On October 26th, 1954, 24-year-old aspiring actor Clint Eastwood — yet to make his debut on the big screen — penned the following extremely polite letter to Billy Wilder and warned the director of his poor performance during an on-screen interview; footage he feared Wilder would use in lieu of a screen test. The week previous, Wilder had agreed to meet Eastwood on the recommendation of fellow director Arthur Lubin with a view to possibly using him in his forthcoming movie, The Spirit of St. Louis, a biographical feature film based on the life of aviator Charles Lindbergh.
As we now know, James Stewart was eventually given the part, and Eastwood found another route to success.
(Source: Geoff Harding; Image: Clint Eastwood, via.)
Tuesday, October 26, 1954
Dear Mr. Wilder,
Thank you for taking your time to see me last Tuesday when Mr. Arthur Lubin was kind enough to introduce us on your set. Mr. Solly Baiano of Warner Brothers seemed quite enthusiastic about my possibilities for the Lindbergh role, when he met me here at Universal where I am under contract.
I was concerned when you mentioned to Mr. Lubin that you would like to see a test.
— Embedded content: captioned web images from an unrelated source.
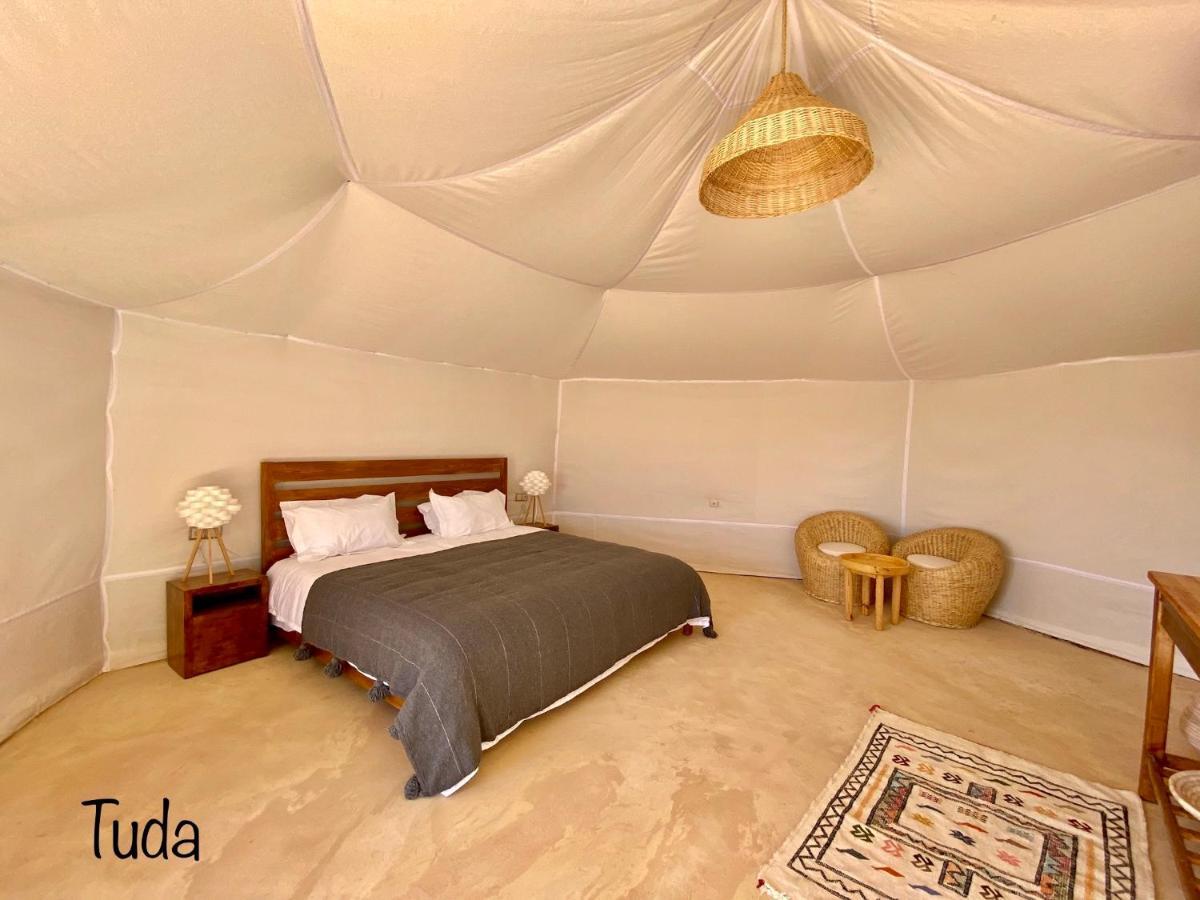 Tuda Luxury Camp Hotel Merzouga Exterior photo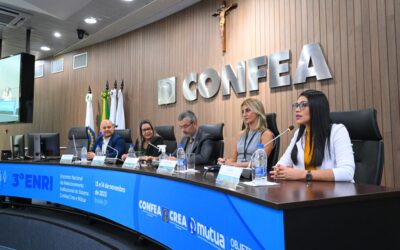 3º Enri: Crea Amazonas participa de Encontro Nacional de Assessores de Relações Institucionais em Brasília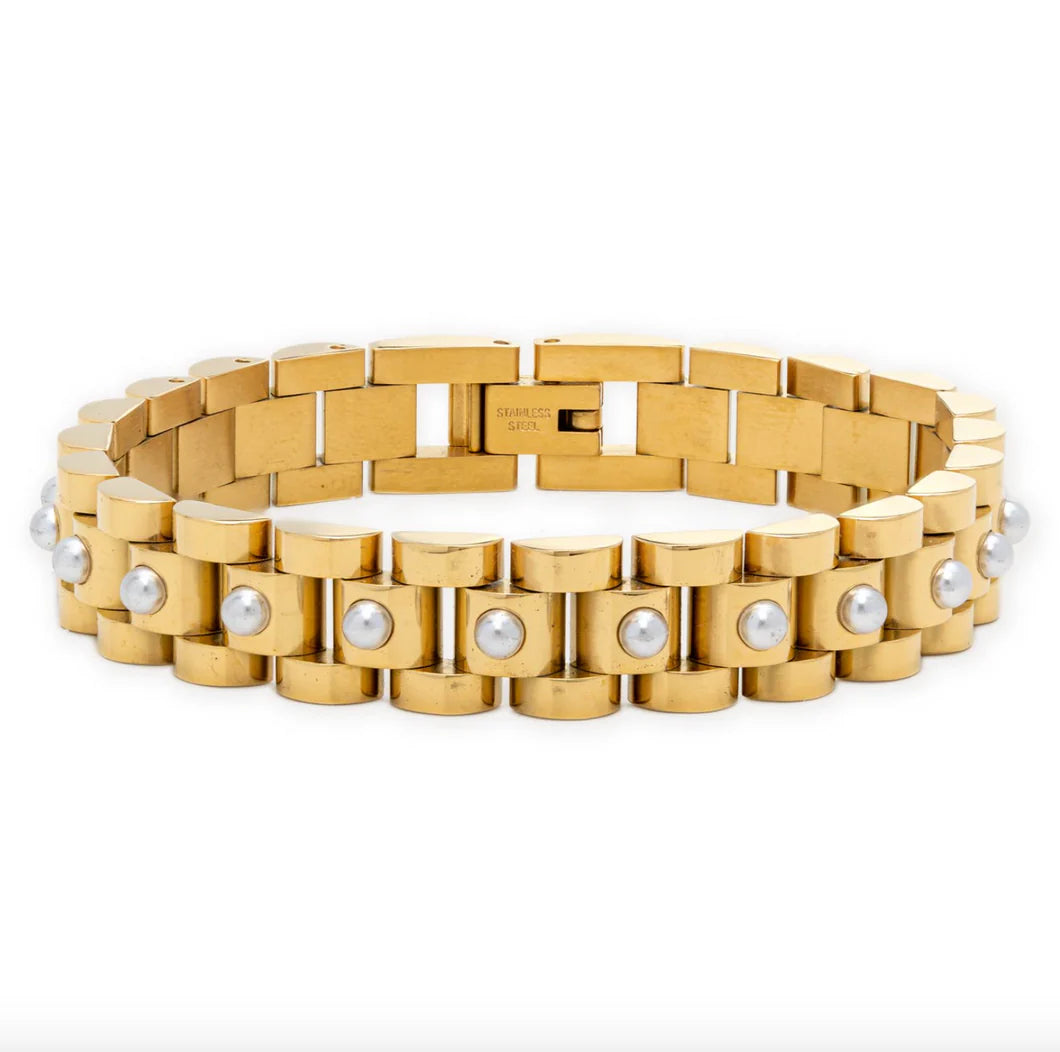 Perla Rolly Bracelet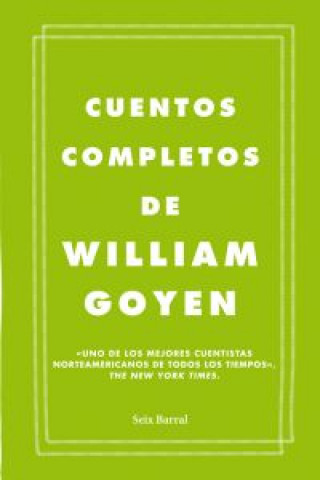 Kniha Cuentos completos William Goyen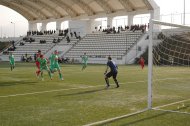 Türkmenistan. Futbol. Ýokary liga. II tapgyr. «Aşgabat» – HТТУ – 4:1 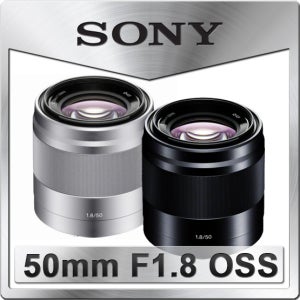 소니 E 50mm F1.8 OSS (SEL50F18) 크롭렌즈,표준단렌즈 - 디카몰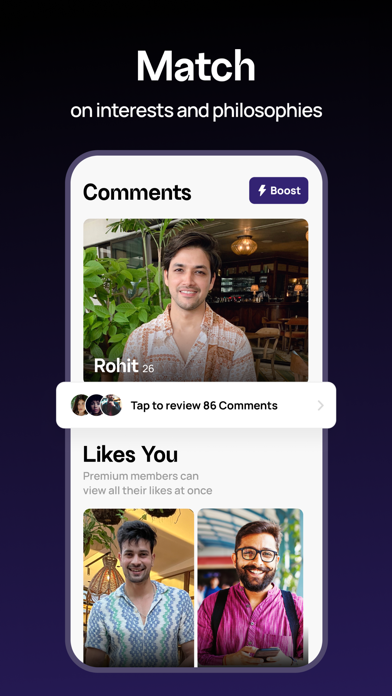 Aisle - Indian Dating App screenshot 3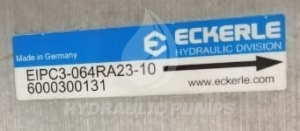 Pompa hydrauliczna zębata Eckerle EIPC3-064RA23-10 6000300131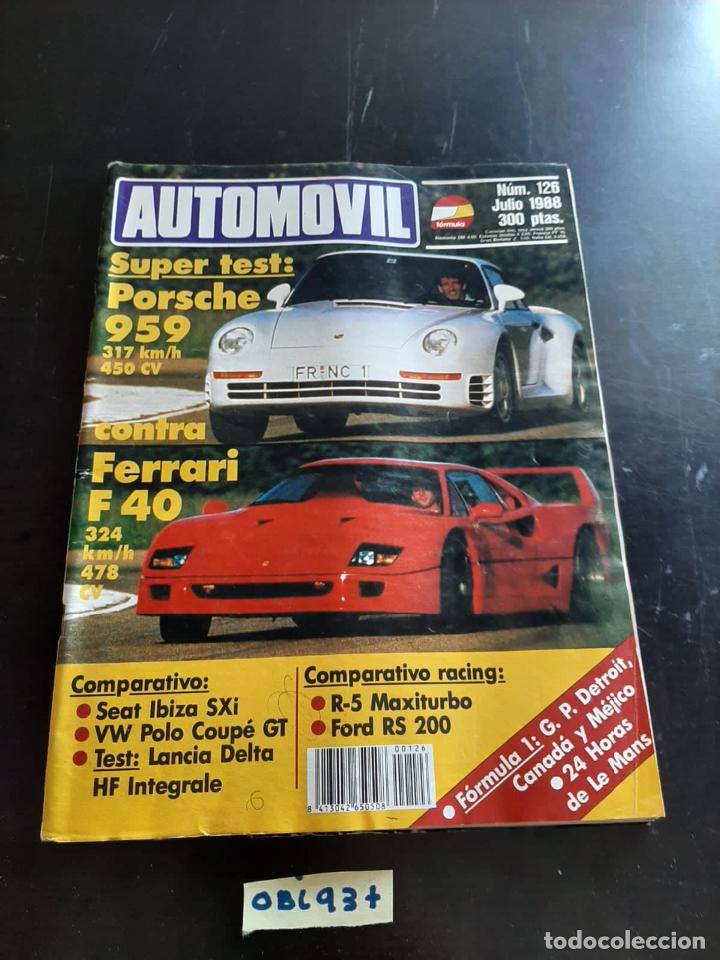 Coleccionismo de revistas y peri&oacute;dicos: Autom&oacute;vil - Foto 1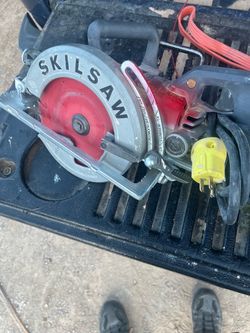 Wormdrive skill saw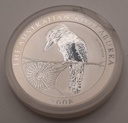 Kookaburra 1 oz 2008 Silbermünze Australien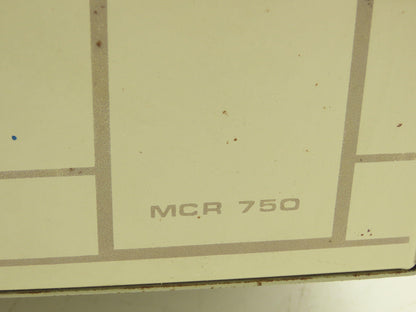 Sola 63-13-175-05 MCR 750 Power Regulator Max Output 6.25A 120VAC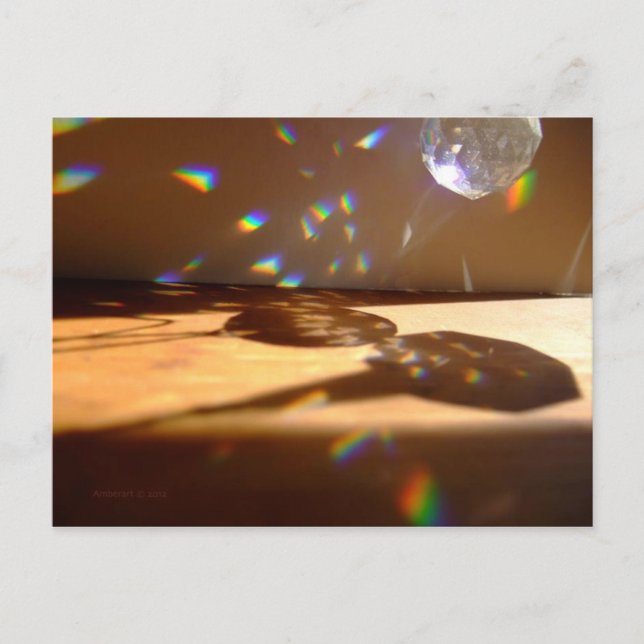 Cartão Postal PC 26 do molde de prisma (Frente)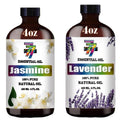4 Fl Oz Lavender and Jasmine Essential Oil Set V168423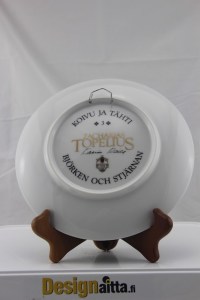 Apilanlehti, Apilanlehden, Topelius, Topeliuksen, Koivu ja Tähti, Satu, Satulautanen, Satutaulu, Taulu, Keramiikka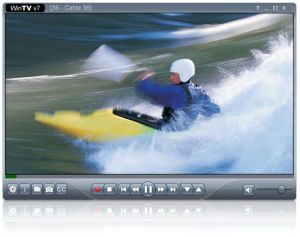 WinTV v7 Benutzeroberfl&auml;che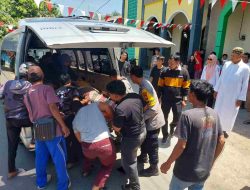 Polisi Tangani Warga Meninggal Mendadak Saat Berjualan Ubi Kayu di Biringkanaya
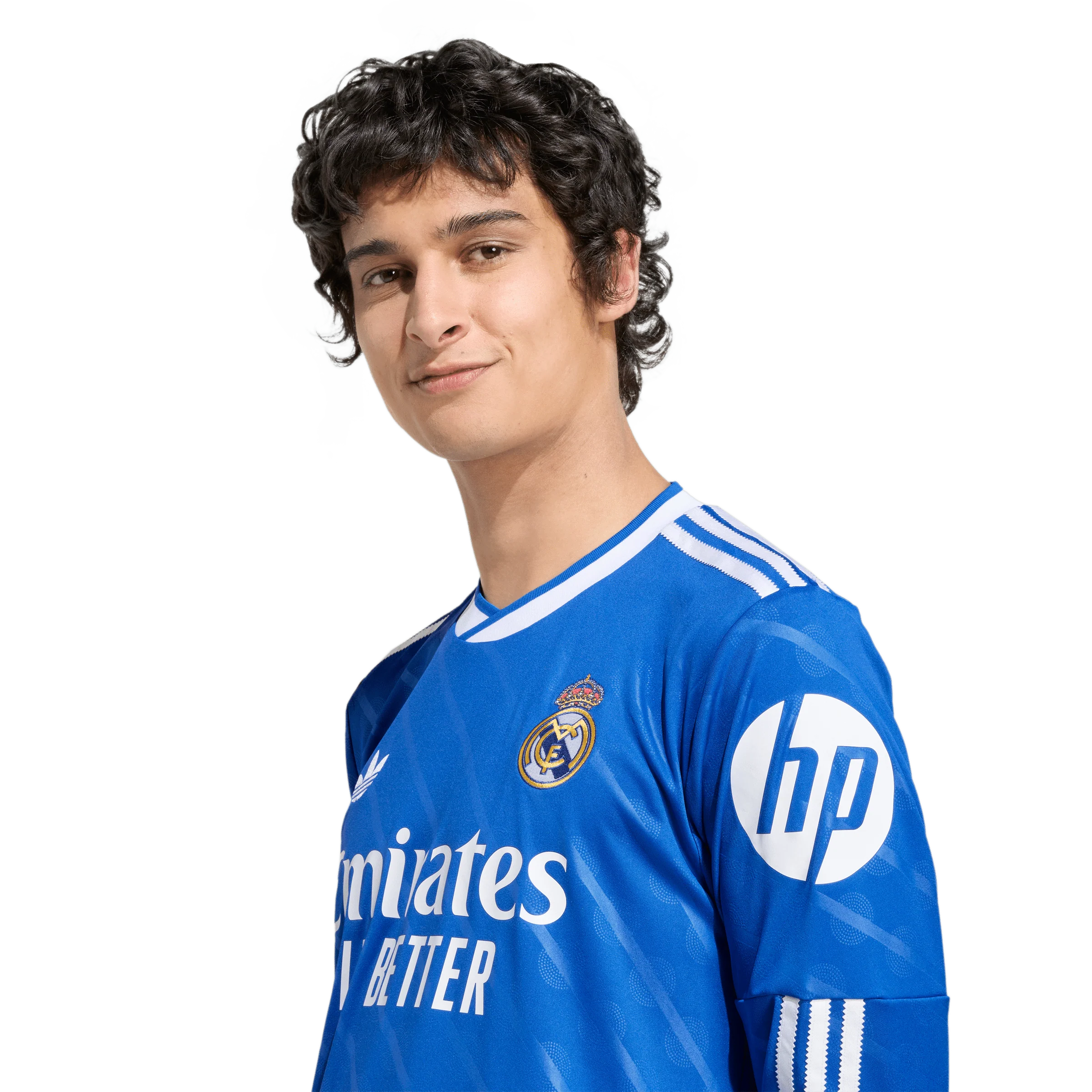 Real Madrid 25/26 Long Sleeve Third Jersey (JW4054) - Image 6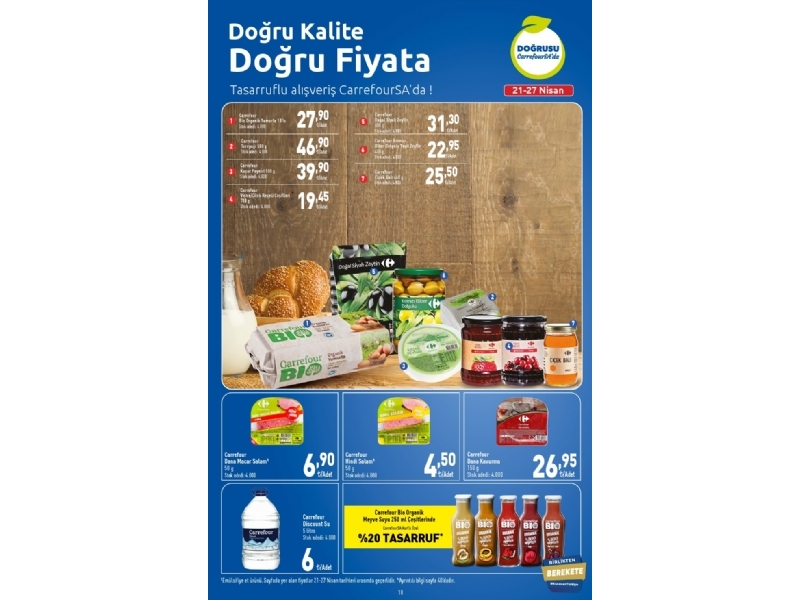 CarrefourSA 21 Nisan - 4 Mays Katalou - 18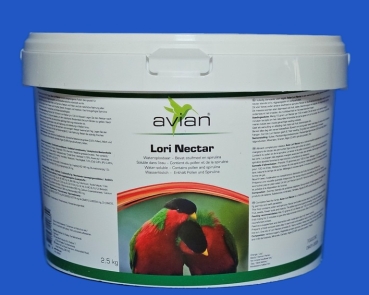 Avian - Lori  Nektar  Eimer  2500  gr.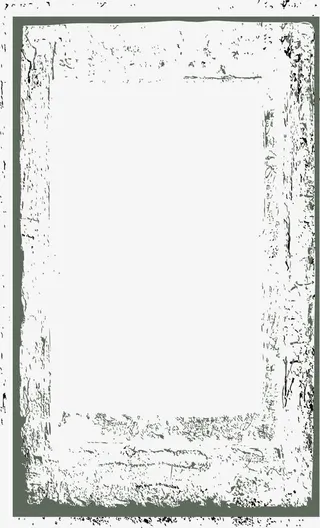 绿色线条框架免抠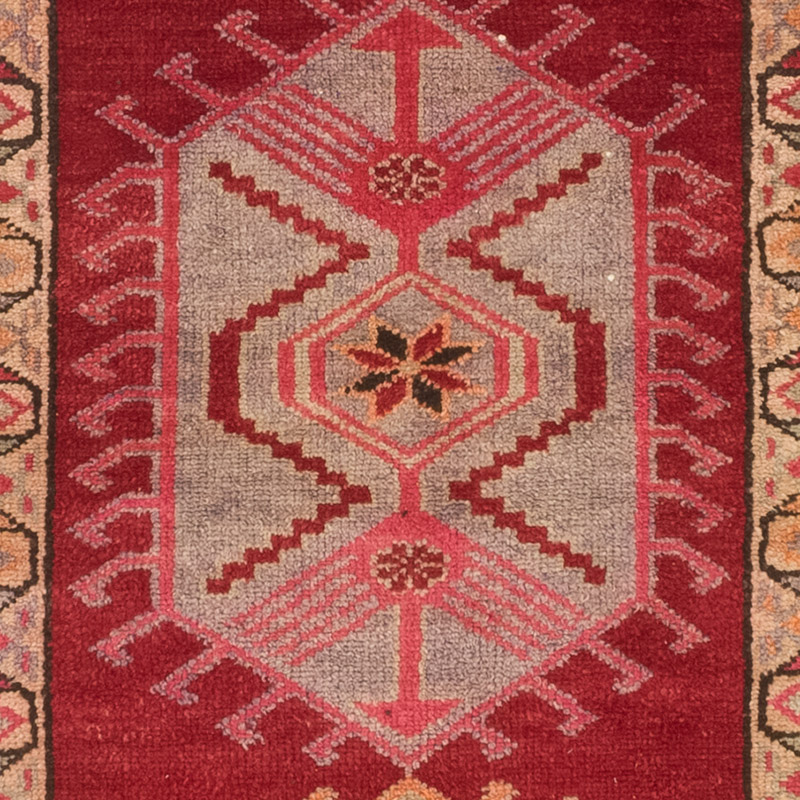 Vintage Tribal Runner Rug - 2' 11" x 14' 2" (35" x 170") - K0083769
The only one Universal has made was one of those difficult interviews in which I felt I was not very good, even though I was given a contract on the strength of it. When the time comes for casting, I would appreciate so much your letting me talk with you rather than seeing this test, for I have improved in every way since that time. I feel the qualities you might be seeking can better be found in a personal interview.
Again, may I thank you and trust I did not take too much of your time. I now look forward to our next meeting.